A patient with acute pancreatitis is prescribed strict bed rest, fasting for 3-5 days, an ice pack on the stomach. On fasting days, an isotonic solution of sodium chloride with glucose is administered intravenously by drip (no more than 1.5-2 liters per day) to combat intoxication and dehydration. With increased gastric secretion, it is possible to use H2-histamine receptor blockers. To relieve pain, solutions of novocaine (5-10 ml of 0.5% solution), no-shpa (2-4 ml of 2% solution), promedol with isotonic sodium chloride solution are administered intravenously by drip, enhancing the analgesic effect with the use of antihistamines. Treatment with antienzyme drugs (trasylol, tsalol, contrikal) in geriatric patients is rarely carried out due to the absence of clinically pronounced fermentemia and a high risk of allergic reactions. The use of aminocrovin and gelatinol as agents that reduce the activity of pancreatic enzymes is shown.

To combat shock, 1.5-2 liters of 5% glucose solution are administered intravenously by drip, and glucocorticosteroids are used. To prevent the development of secondary infection, antibiotics (semi-synthetic penicillins and cephalosporins) are prescribed.
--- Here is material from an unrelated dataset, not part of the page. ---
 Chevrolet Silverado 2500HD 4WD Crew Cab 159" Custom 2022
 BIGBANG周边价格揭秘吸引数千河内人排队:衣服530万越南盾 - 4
In case of severe pain attack in elderly and senile people, complete fasting for 24 hours is recommended. Fasting days are held in order to limit gastric secretion and exocrine function of the pancreas. On the first day, you can drink up to 800 ml of liquid, preferably Borjomi (up to 400 ml) and rosehip decoction (up to 400 ml). On the 2nd-5th day - steamed protein omelet, mashed potatoes, slimy oatmeal soup, slimy pearl barley soup, steamed meat puree, meat soufflé. Total per day up to 1000 calories.

From the 6th to the 10th day, the same dietary regimen is followed, but unground boiled chicken, beef, and lean fish are added. The energy content of food increases to 1600 calories. From the 2nd day of exacerbation of the disease, diet No. 5 is prescribed with the energy content of food intended for gerontological hospitals (2400 calories).
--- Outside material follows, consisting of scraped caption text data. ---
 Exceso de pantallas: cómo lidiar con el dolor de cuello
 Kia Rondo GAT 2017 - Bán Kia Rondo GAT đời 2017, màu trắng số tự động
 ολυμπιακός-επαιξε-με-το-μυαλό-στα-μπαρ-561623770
Drug therapy during an exacerbation is the same as for acute pancreatitis.

Patients with chronic pancreatitis with secretory insufficiency require the use of enzyme preparations.

Preparations containing pancreatic enzymes are divided into 4 groups according to their composition:

  • pancreatic enzymes (pancreolan, pancreatin);
  • products that, in addition to pancreatic enzymes, contain added bile elements (Pan Creon);
  • drugs that, in addition, contain pepsin, hydrochloric acid (panzinorm);
  • drugs that, in addition to pancreatic enzymes and bile elements, also contain intestinal enzymes (festal, digestal).

Outside of an exacerbation of the disease, calcium gluconate and euphyllin are used to increase the activity of the pancreas.

An important part of supportive therapy is: adherence to a diet (fractional, small portions, diet corresponding to table No. 1), exclusion of alcohol and coffee consumption, smoking, courses of exercise therapy, balneotherapy, replacement therapy. Patients should be observed by the attending physician 3-6 times a year. It is advisable to undergo spa treatment in local gastroenterological sanatoriums.